STATE OF MICHIGAN COURT OF APPEALS
Apr 29, 2014
No. 313738 (Mich. Ct. App. Apr. 29, 2014)

Opinion

No. 313738

04-29-2014

JEFFREY SCOTT ORHAN, Plaintiff-Appellant, v. NANCY NIHEM, DARRYL NIHEM and JOHN DOES, Defendants-Appellees.


UNPUBLISHED


Wayne Circuit Court

LC No. 12-004408-CZ

Before: DONOFRIO, P.J., and CAVANAGH and JANSEN, JJ. PER CURIAM.

In this invasion of privacy action, plaintiff appeals by right the trial court's order granting defendants' motion for summary disposition. We affirm.
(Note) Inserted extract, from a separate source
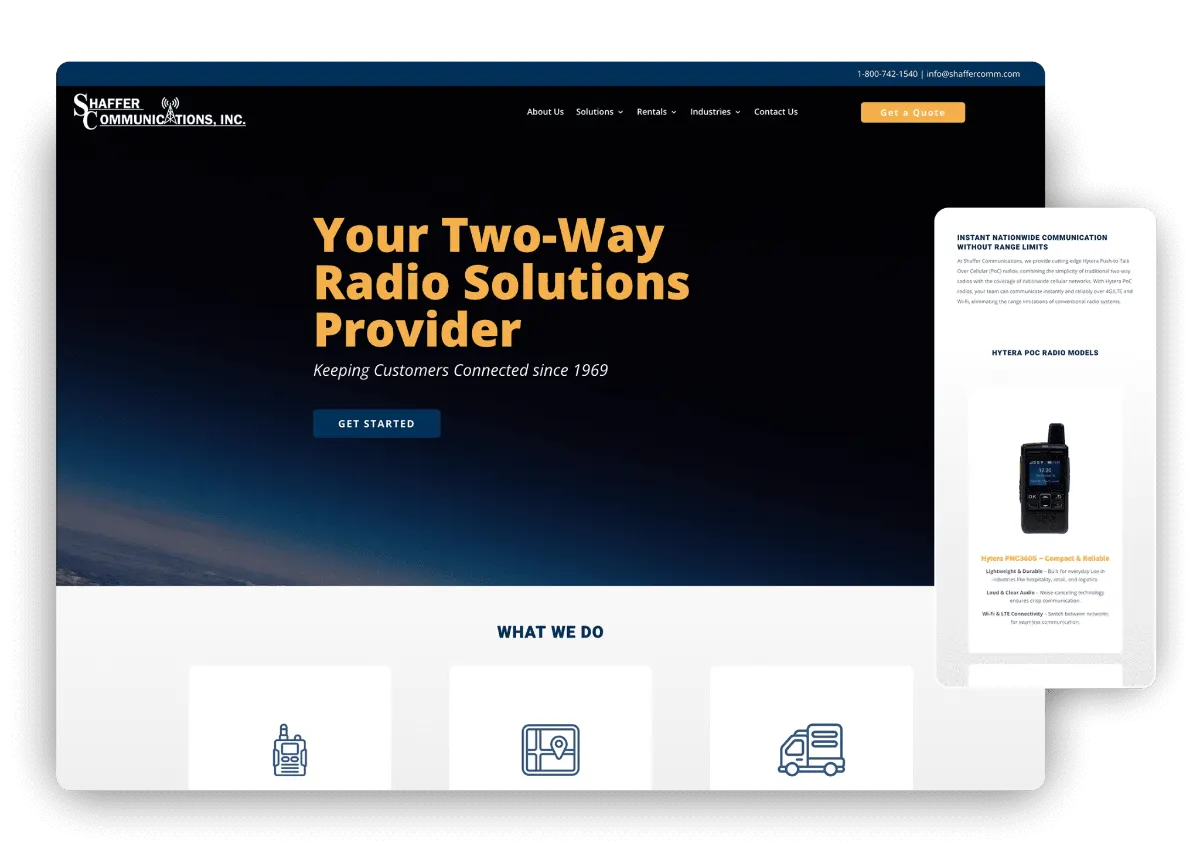 Two-way radio solutions website by Studio490 on desktop and phone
The identity of "John Does" is not directly addressed by plaintiff. For purposes of this opinion, "defendants" refers to Nancy Nihem and Darryl Nihem only.

Plaintiff argues that the trial court erred when it granted defendants' motion for summary disposition because he had an expectation of privacy in his Nations Funding e-mail account. Specifically, plaintiff argues that it was an invasion of his privacy when Susan Ericson accessed and copied e-mails from his Nations Funding account. We disagree.

Defendants moved for summary disposition pursuant to MCR 2.116(C)(10). We review de novo the trial court's decision on a motion for summary disposition. Hoffner v Lanctoe, 492 Mich 450, 459; 821 NW2d 88 (2012).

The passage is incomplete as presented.